====== DATASET EXCERPTS ======
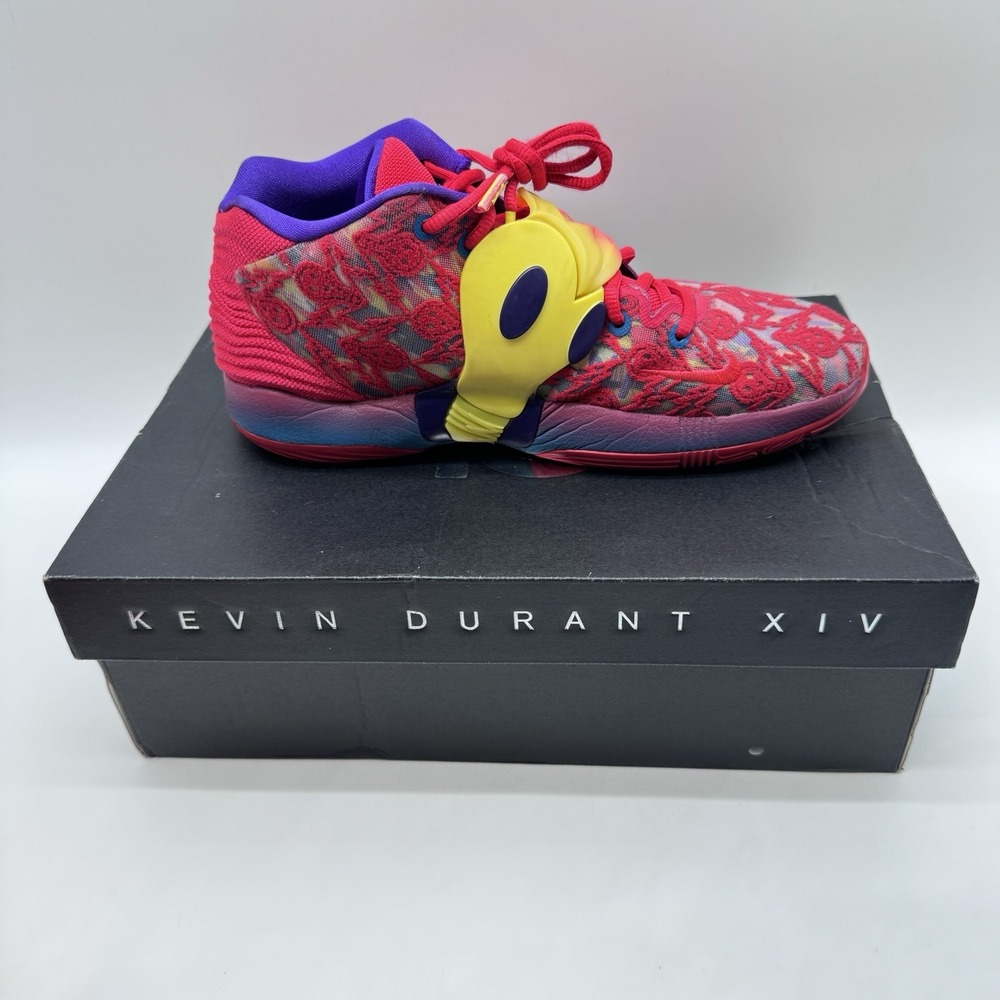 Nike KD 14 Ron English 3 Shoes Mens 8.5 Red Pink Basketball Athletic DO6903-600
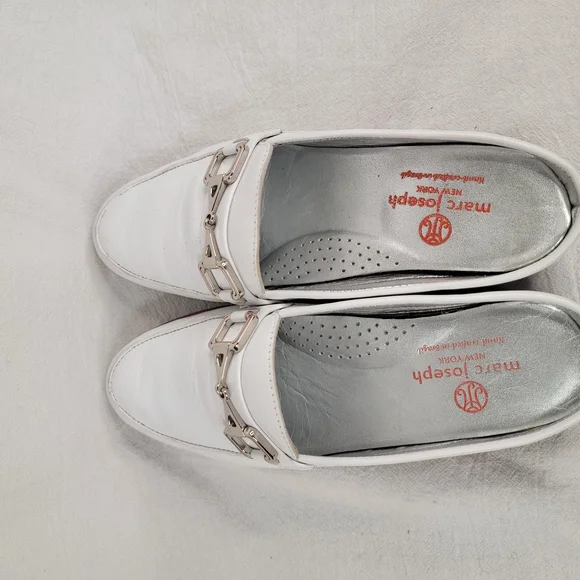 Marc Joseph New York Park Ave Mule White Leather Loafer Slide Silver Bit Size 6 - Picture 10 of 14
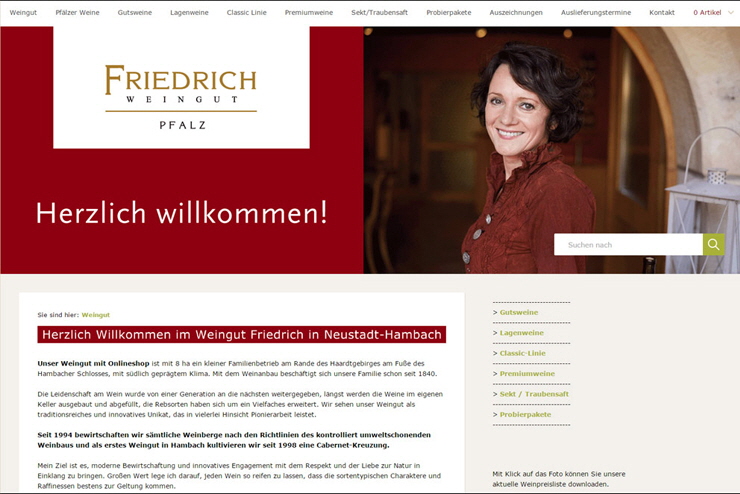 Erstellung Homepage Weingut in Neustadt-Hambach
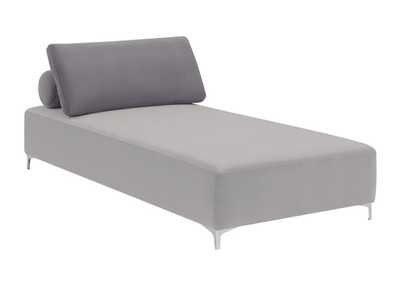Upholstered Accent Chaise with Removable Pillow Grey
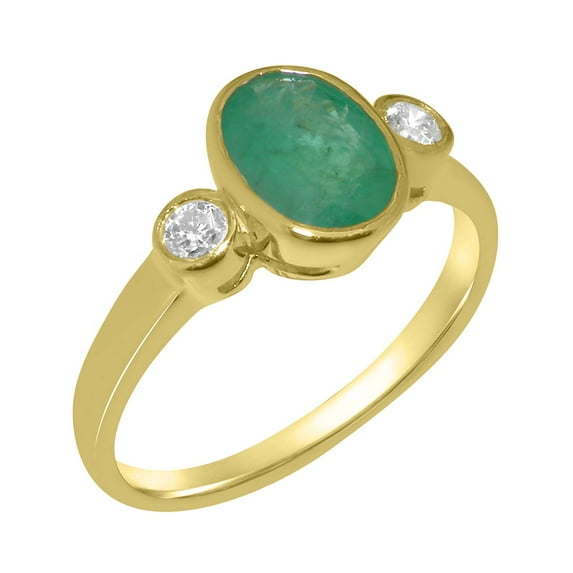 LBG British Made 14k Yellow Gold Natural Emerald & Cubic Zirconia Womens Engagement Ring - 33 size options - Size 4.5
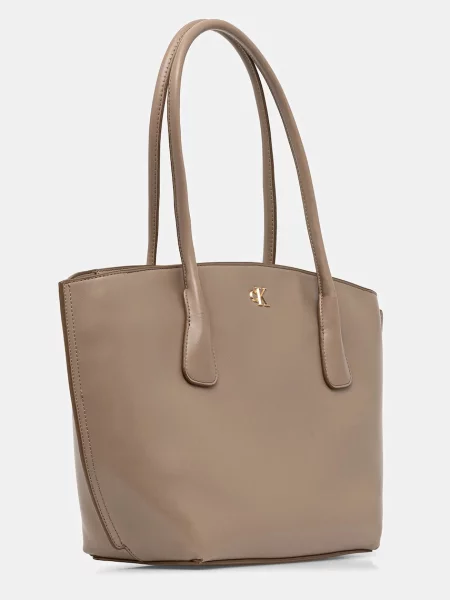 Kabelka Calvin Klein Ck Medium Dome Tot béžová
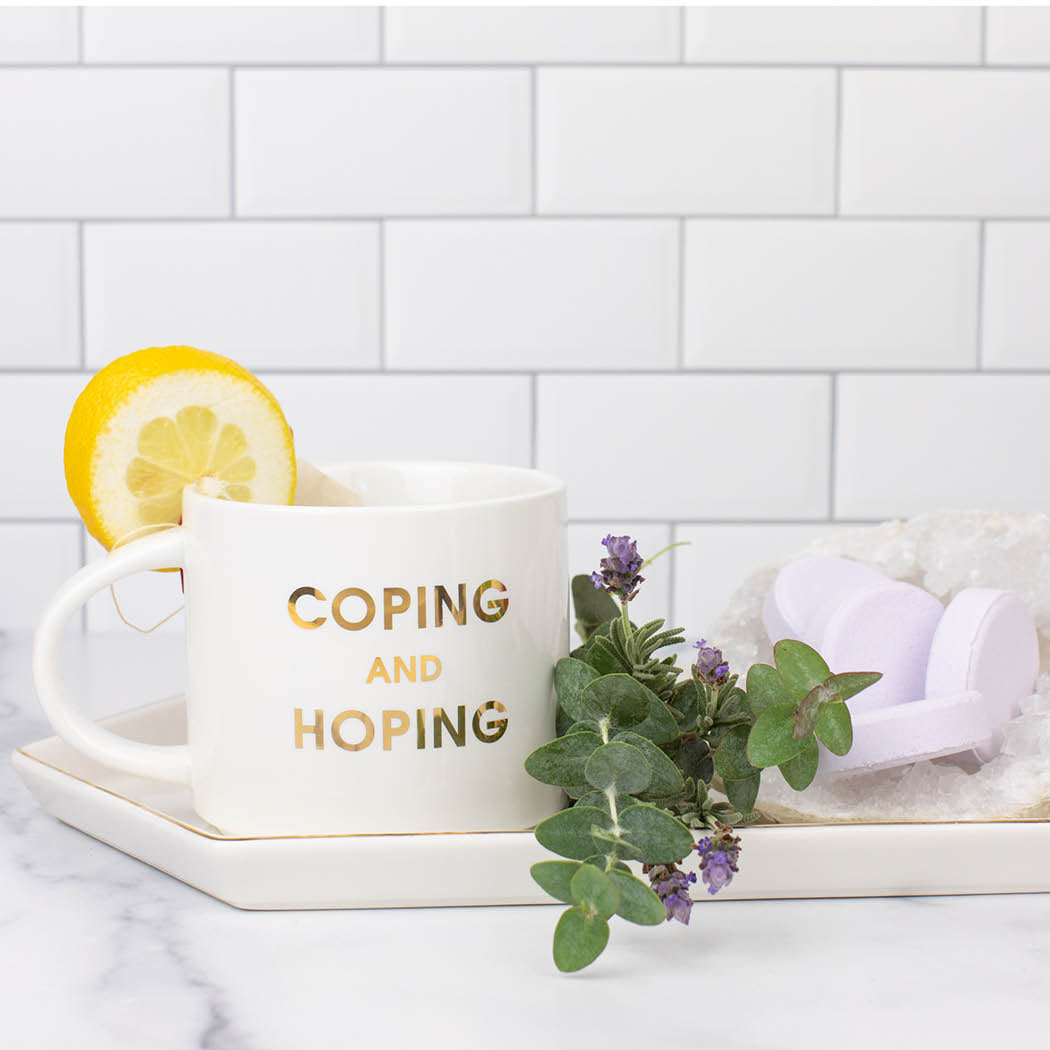 Coping and Hoping - Gold Foil Metallic Mug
======
Set the pictures aside and repeat only the lines from the one containing "LBG British Made" through the last line of the entries above, exactly as they stand.

 LBG British Made 14k Yellow Gold Natural Emerald & Cubic Zirconia Womens Engagement Ring - 33 size options - Size 4.5
 Kabelka Calvin Klein Ck Medium Dome Tot béžová
 Coping and Hoping - Gold Foil Metallic Mug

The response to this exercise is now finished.